◆ Work order ◆
Could you give the data below again exactly, apart from the pictures?

◆ Source data ◆
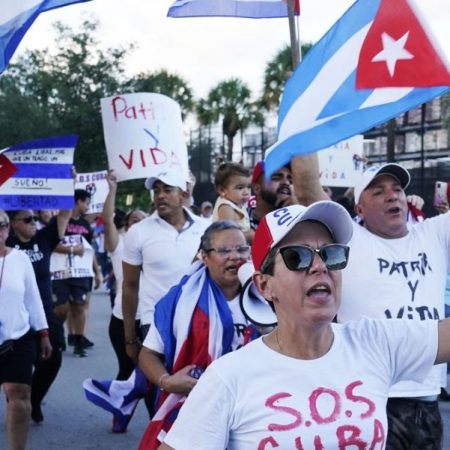 Exilio en Miami no cede en protestas y planea flotilla a Cuba el viernes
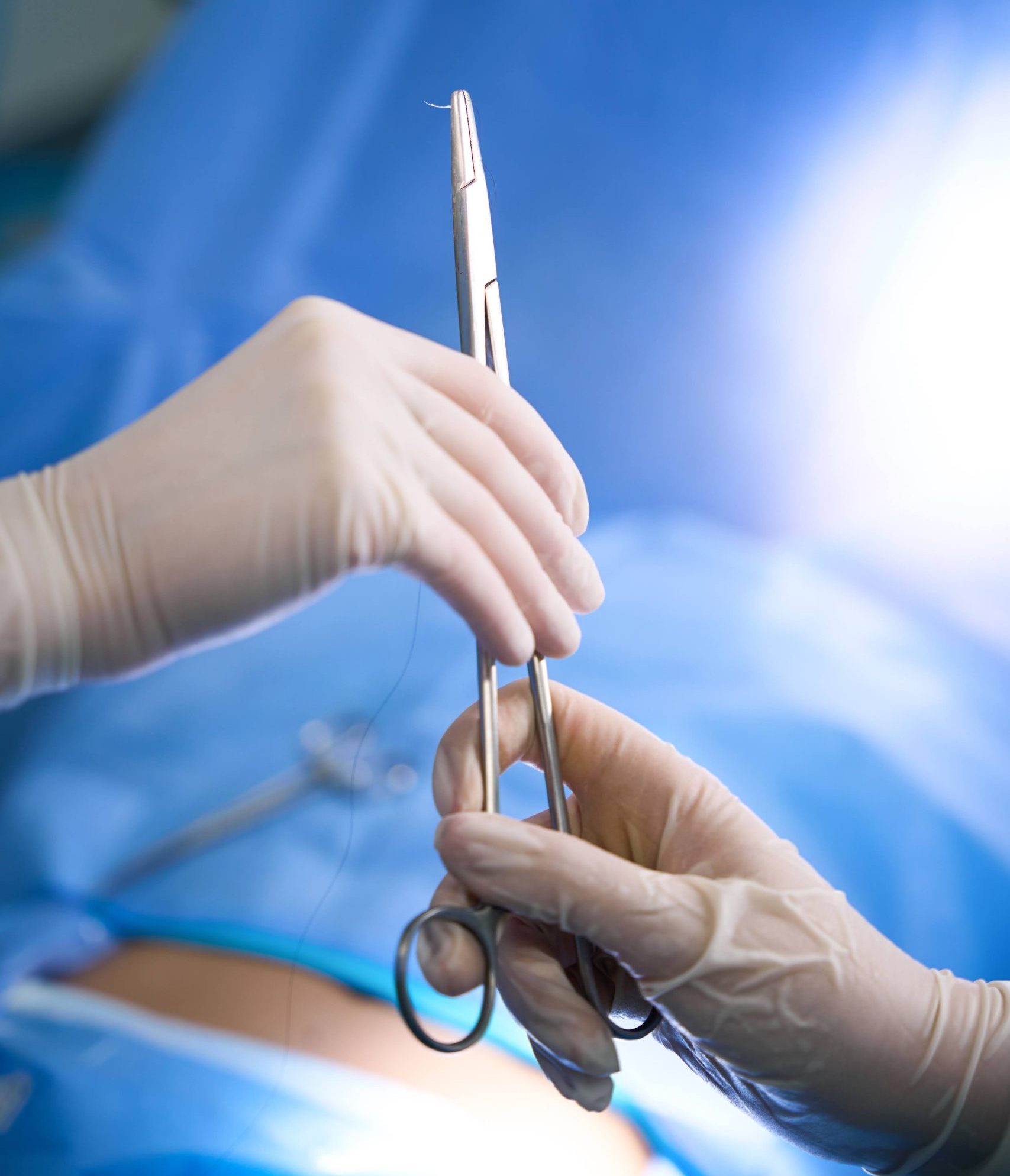 Хірурги передають інструменти під час операції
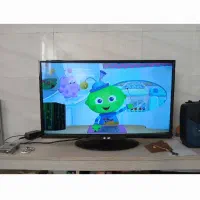 تلویزیون LED ۳۲ اینچ سالم وتمیز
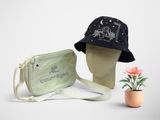un chapeau et un sac posés à côté d'une fleur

◆ Exercise solution ◆
 Exilio en Miami no cede en protestas y planea flotilla a Cuba el viernes
 Хірурги передають інструменти під час операції
 تلویزیون LED ۳۲ اینچ سالم وتمیز
un chapeau et un sac posés à côté d'une fleur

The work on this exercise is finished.